Damit ist ein Präzedenzfall geschaffen worden, der dazu führen könnte, dass Luxemburg ebenfalls seine Gesetzesreform vom 26 Juli 2010 rückgängig machen muss. Darin wurde die Vergabe von Stipendien an Kinder von Grenzgängern abgeschafft – das Vergabekriterium wurde an den Wohnsitz in Luxemburg gebunden.

Mehr als 550 Studenten, deren Eltern Grenzgänger sind, hatten sich daraufhin im April an das Verwaltungsgericht Luxemburg gewandt, um Einspruch gegen die Ablehnung ihrer Stipendien einzulegen. Das Verwaltungsgericht hatte angekündigt, seine Entscheidung vom Ausgang des Verfahrens gegen die Niederlande abhängig machen zu wollen. Diese liegt nun vor und setzt Luxemburg unter Druck.

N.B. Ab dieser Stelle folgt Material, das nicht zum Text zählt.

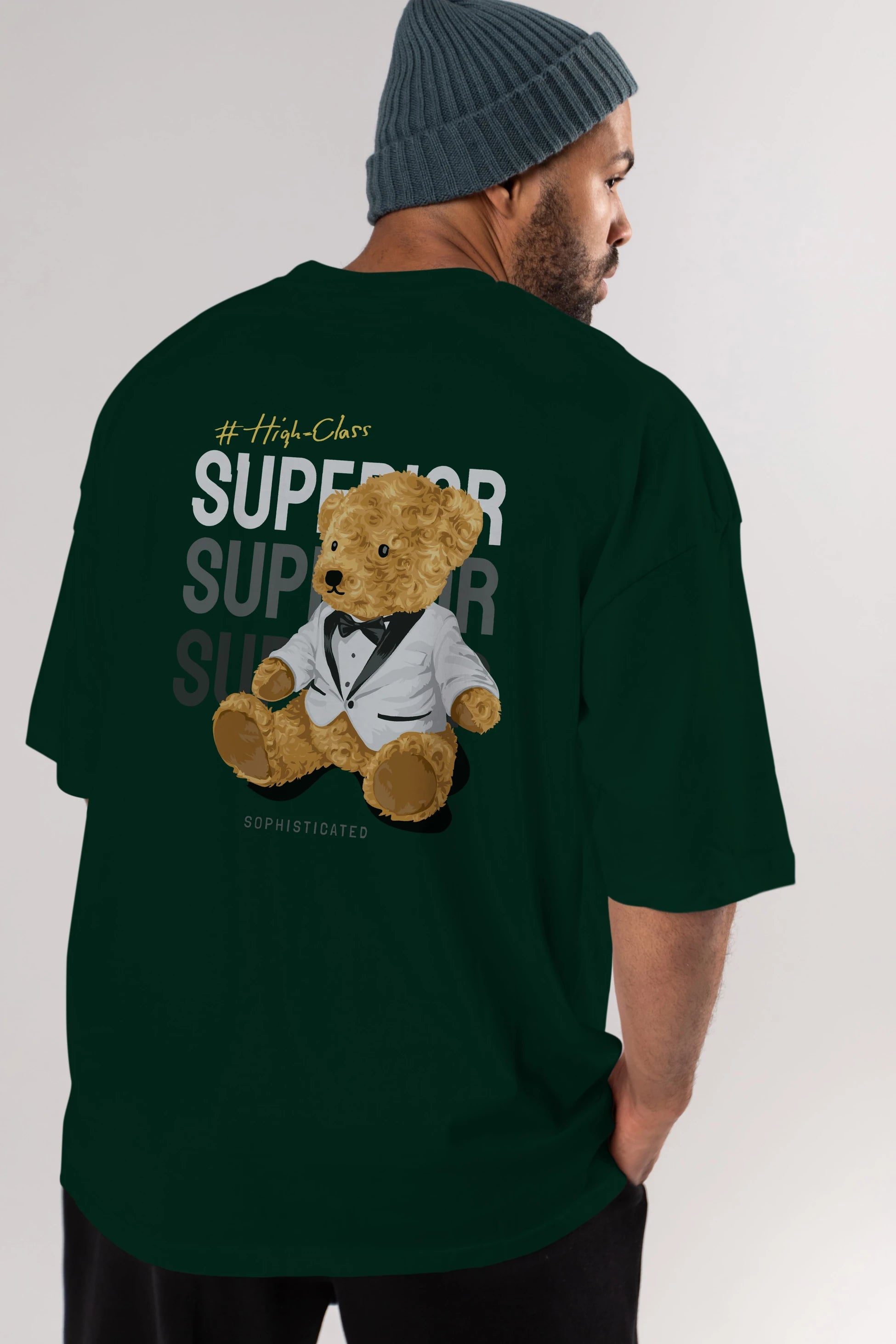 Teddy Bear Superior Arka Baskılı Oversize t-shirt Erkek Kadın Unisex %100 Pamuk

Grenzgänger fordern Verfahren gegen Luxemburg

Georges Gondon, Präsident des europäische Zusammenschlusses von Grenzgängervertretern GEIE sagte gegenüber L’essentiel Online, man wolle nach dem Urteil die EU-Kommission dazu auffordern, Luxemburg ebenfalls vor den EuGH zu zitieren, um das umstrittene Gesetz zu kippen. Angesichts der neuen Jurisprudenz stünden die Chancen zudem gut, dass die Student, die in Luxemburg Klage erhoben hätten, rückwirkend ihre Stipendien bewilligt bekämen. Gondon erhofft sich zudem eine prinzipielle Entscheidung der EuGH darüber, ob eine finanzielle Studienbeihilfe als Sozialleistung im herkömmlichen Sinn zu sehen ist.

Hochschulminister François Biltgen, der die Gesetzesreform wiederholt verteidigt hatte, sagte am Freitag gegenüber L’essentiel Online, er wolle das Urteil gegen die Niederlande noch nicht kommentieren, bevor man die Urteilsbegründung genauer analysiert habe. Am kommenden Montag will er eine Pressekonferenz zu dem Thema geben.